New “Inspector General” Positions Could Root Out Corruption in Ohio County Governments
Lawmakers are considering a plan to establish a county inspector general system in Ohio, with the hopes of rooting out corruption, theft and other administrative problems in local governments.
Ohio currently has a state inspector general’s office, which conducts investigations of state entities. House Bill 311, sponsored by Rep. Dave Greenspan, R-Westlake, would allow for inspector general work at the county level. Greenspan is a former Cuyahoga County councilman who helped to establish an inspector general position there. He now advocates for there to be an inspector general role in the other 87 counties in Ohio.
Greenspan has been tinkering with the bill since introducing it last year. There are still questions as to what jurisdiction a county inspector general would follow, and the extent to which their work would have to comply with public records law. Seeing a need for independent investigators at the county level, Greenspan said he’s worked to craft the best program that would serve Ohio residents.
How it might work
If approved by the Ohio General Assembly, this new program would give counties flexibility for how they might approach bringing in a county inspector general (CIG).
Essentially, there would be two main options. A county could choose to establish a full-time CIG role, bearing the additional costs to fund the new office.

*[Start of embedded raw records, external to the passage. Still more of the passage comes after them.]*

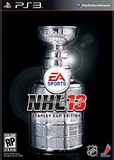 NHL 13 -- Stanley Cup Collector's Edition (PlayStation 3)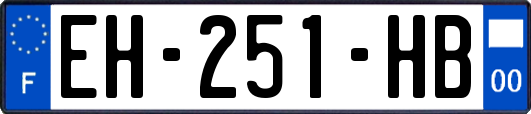 EH-251-HB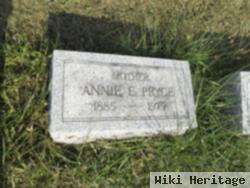 Annie Tibbott Pryce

Or, a county could choose to contract with the state office on a case-by-case basis if the need for an investigation arises; the county and state would then share in the cost of an investigation together.
What sorts of things might a CIG investigate? Under Greenspan’s latest draft of the bill, CIGs would look into criminal or administrative wrongdoing conducted by an official who is overseen by the county commissioners. An example could be the misappropriation of county money by a public employee.

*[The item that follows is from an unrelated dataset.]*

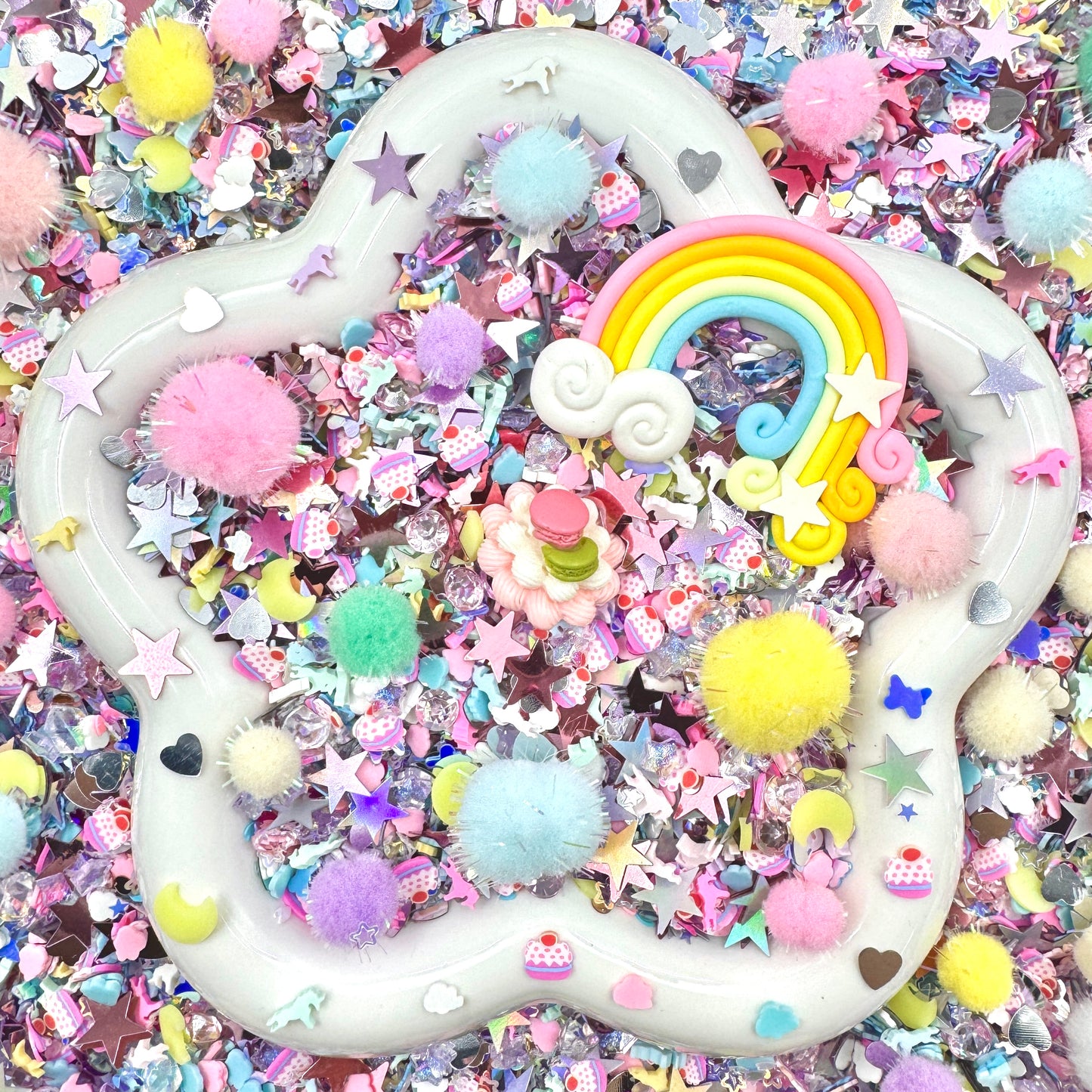 Unicorn Rainbow Supermix-Live Mix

This jurisdiction would leave out a variety of other entities, from school districts and land banks to county farm bureaus. A county board of elections, as another example, would not fall under a CIG’s purview. Though an elections office may receive county funding, it is primarily overseen by the Ohio Secretary of State.
The key component for any inspector general is independence. Under HB 311, the county commissioners have the power to establish and fund a CIG position. They would not, however, have much involvement with the CIG after that point. The bill would also create a new state commission tasked with hiring and overseeing the various CIGs around Ohio.
As Greenspan has pointed out, local officials should not be in charge of hiring a CIG, as they may end up being the subject of a later investigation themselves.
State IG supports this effort
State Inspector General Randall Meyer offered some perspective about his office’s work in testimony last Wednesday to the House State and Local Government committee.
Meyer noted his office of eight investigators look into allegations of wrongdoing of state agencies, boards, commissions and anyone else conducting business with the state of Ohio. His office does not have jurisdiction to investigate anything at the county level, though that could change with the passage of HB 311.
An inspector general does not have prosecutorial authority. Instead, an IG conducts its work and then passes along information to other agencies with that authority. Meyer said it is important his investigators work closely with such agencies so that there are no “duplicative” efforts.
In fact, Meyer said, law enforcement agencies often welcome his office’s assistance because it has unique authority that those agencies do not have. As an example, IG investigators have authority to access any state building and record without a search warrant.
The only other inspector general in Ohio was also present last Wednesday to shed light on his work. Mark Griffin has been the Cuyahoga County Inspector General since 2015.
“My office lives on tips,” Griffin said, describing that he too works regularly alongside law enforcement agencies.
He said good working relationships with the state auditor’s office, the U.S. Marshall’s and the Cuyahoga County Prosecutor’s Office has allowed his office to conduct meaningful investigations.
IG work: public or private?
Rep. Jason Stephens, R-Kitts Hill, a former county official from Southern Ohio, said last Wednesday he can see the value in creating a CIG role. From his own experience as a county commissioner, he described that local prosecutors are oftentimes too busy with their regular work to be able to investigate government wrongdoing.
Stephens mentioned concerns related to public records and whether or not a CIG’s work could be kept private.
If county commissioners vote in public to have a specific official investigated, that could lead to unintended consequences.
“When the light is on them they may work to cover their tracks,” Stephens said, adding that the work should be “discreetly handled.”
It was suggested that county commissioners could discuss an impending investigation in private executive session. A subsequent resolution to contract with the state inspector general’s office could be worded generally without identifying the subject at hand.
Records are generally kept private while an investigation is carried out, and are made public only at the conclusion of an IG’s work.
Greenspan said he is concerned about damaging an official’s reputation if an investigation is levied against them but uncovers no wrongdoing. He wondered if a report could be kept private afterward if it turns up empty; such a provision could spur a public records dispute if enacted into law.
The point, Greenspan said in his initial testimony last year, was to not allow for “witchhunts.”
“If there’s nothing there,” he said, “there’s nothing there.”